Killed

5.7K 698 497
                                    

02/04/2018

|Jeon Jungkook|

"Sana o kızdan ayrılmanı söylemiştim."

Yoongi hyung lattesinden bir yudum aldıktan sonra plastik bardağı kare şeklindeki masaya bıraktı. "Son üç aydır çok değişti. Artık bizim bildiğimiz kişi değil ve değişen tek şey kendisi olmadı. Seni de değiştirdi."

"Onu seviyorum." dedim ciddiyetle. Ellerimi siyah deri ceketimin cebine sokmuştum.
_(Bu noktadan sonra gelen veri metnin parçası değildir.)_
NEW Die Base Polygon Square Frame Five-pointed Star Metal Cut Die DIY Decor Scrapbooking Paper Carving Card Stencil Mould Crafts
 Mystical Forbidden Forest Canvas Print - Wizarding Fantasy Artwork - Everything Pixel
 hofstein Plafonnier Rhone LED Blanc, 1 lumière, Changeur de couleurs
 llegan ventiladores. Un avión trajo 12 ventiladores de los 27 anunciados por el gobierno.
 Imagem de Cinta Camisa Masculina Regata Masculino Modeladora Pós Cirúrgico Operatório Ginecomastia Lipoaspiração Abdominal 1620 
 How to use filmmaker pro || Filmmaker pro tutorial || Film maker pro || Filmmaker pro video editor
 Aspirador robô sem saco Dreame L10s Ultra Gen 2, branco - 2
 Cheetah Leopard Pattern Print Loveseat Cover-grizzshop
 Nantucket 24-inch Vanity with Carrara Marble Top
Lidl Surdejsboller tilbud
Oturduğumuz kafede tek tük insan vardı. Kalabalık ortamları ikimiz de sevmiyorduk.

Kaşlarını çatarak bana baktı. "Hayır Jungkook, bu sevmekten çok daha beter. Sen onun kölesi olmuşsun. Söylesene en son ne zaman istediğin kıyafeti giydin?" dedi elini uzatıp deri ceketimin yakasından çekiştirerek. "Tahmin edeyim, üç ay önce."

Elini ittirdim. "Senin böyle şeyler için kafanı yormana gerek yok."

"Jungkook. Çocukluktan beri arkadaşız ve seni kendimden bile iyi tanıyorum. Emin olduğum şey ise şu an kendin gibi davranmadığın. O kız seni kendi istediği şekle sokuyor ve sen sadece onu 'sevdiğin' gerekçesiyle buna boyun eğiyorsun."

"Öyle değil," dedim kaşlarımı çatarak. "Herkes beni dışlarken, o beni kabullendi."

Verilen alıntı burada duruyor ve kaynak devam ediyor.